Bu görüşü paylaşan pek çok okurum olduğunun farkındayım.
Ama haklı olduğumun da farkındayım.
Ben AKP'yi diğer partilerle aynı kefeye koymuyorum.
Ben Türkiye'deki bütün sağ partileri aynı kefeye koyuyorum.
Dün de yazdım.
AKP dediğiniz ne?
En önemli bakanlıklar hangileri?
İçişleri mi?
İçişleri Bakanı
Abdülkadir Aksu yıllar boyu ANAP'ın İçişleri Bakanı değil miydi?

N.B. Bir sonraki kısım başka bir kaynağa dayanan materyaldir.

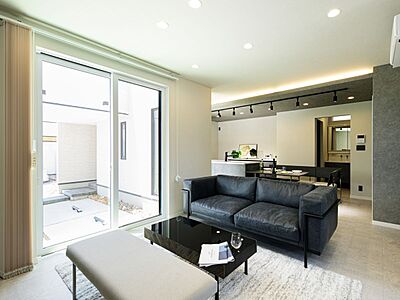 ホテルライクスタイルのリビング 株式会社Standard 富士展示場の事例画像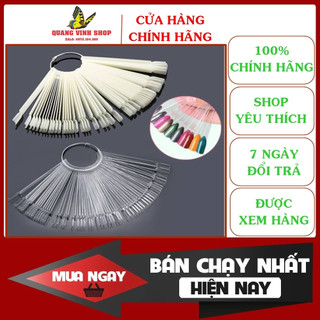 Móng que vuông tập sơn làm bảng màu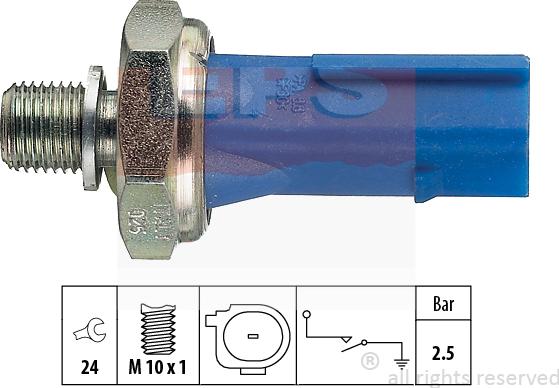 MDR EPS-1800 192 - Датчик, давление масла autosila-amz.com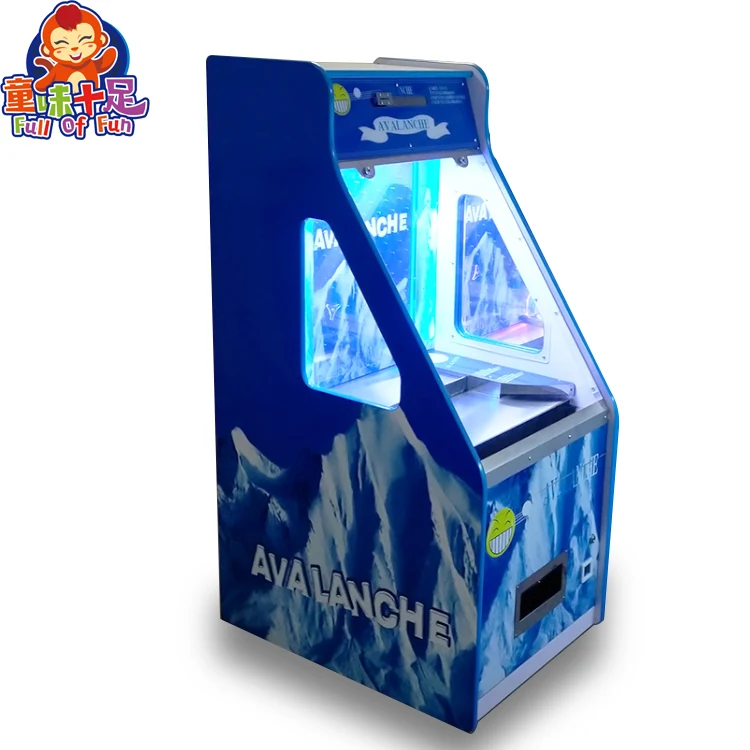 

Hot Sale Push Coins Game Machine For 1 Player Kids coin operated Push ball games, Customized color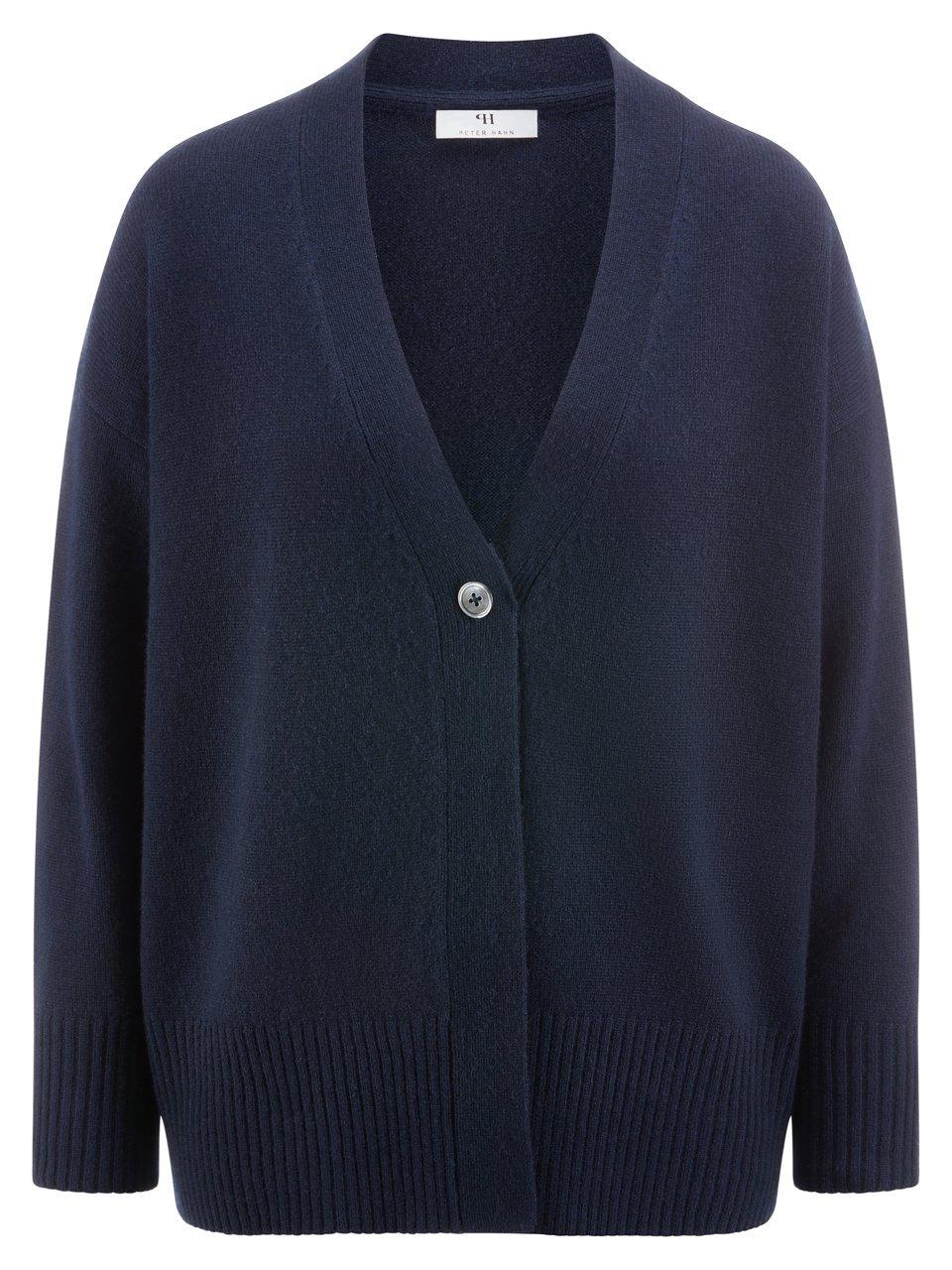 Strickjacke Peter Hahn blau günstig online kaufen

Madem 7'sinde ne, 70'inde o.. İşte aynı
Abdülkadir Aksu.
Milli Eğitim Bakanlığı mı etkin?
AKP'nin ilk Milli Eğitim Bakanı
Erkan Mumcu ANAP'ın da bakanı, hatta çağdaş yüzü değil miydi? Ardından o koltuğa oturan
Hüseyin Çelik'i Meclis'e ilk sokan kim? 1999 seçimlerinde
Hüseyin Çelik DYP'den milletvekili seçilmedi mi?
En önemli bakanlıklardan birinde oturan Adalet Bakanı
Cemil Çiçek, ANAP'ın devlet bakanı değil mi?
Milli Savunma Bakanı
Vecdi Gönül, bakan değildi belki ama ANAP döneminde yıllarca İçişleri Bakanlığı Müsteşarlığı gibi kilit bir görevde kalmadı mı? Sonra da Sayıştay Başkanlığı yapmadı mı?
Çalışma Bakanı
Murat Başesgioğlu, ANAP'ın İçişleri Bakanı değil miydi?
Devlet Bakanı
Kürşat Tüzmen, sağ iktidarlar ve hatta
‘‘sol başbakan’’ döneminde yıllarca Dış Ticaret Müsteşarı değil miydi?
En fazla imam hatip lisesi açan Başbakanımız
Süleyman Demirel, seçim otobüsünün tepesinde başını örtüp Müslümanlardan oy isteyen
Tansu Çiller değil miydi?
Devletin tamamında yer alan
‘‘fazla muhafazakár’’ kadroların tamamını 6 aylık AKP mi yerleştirdi?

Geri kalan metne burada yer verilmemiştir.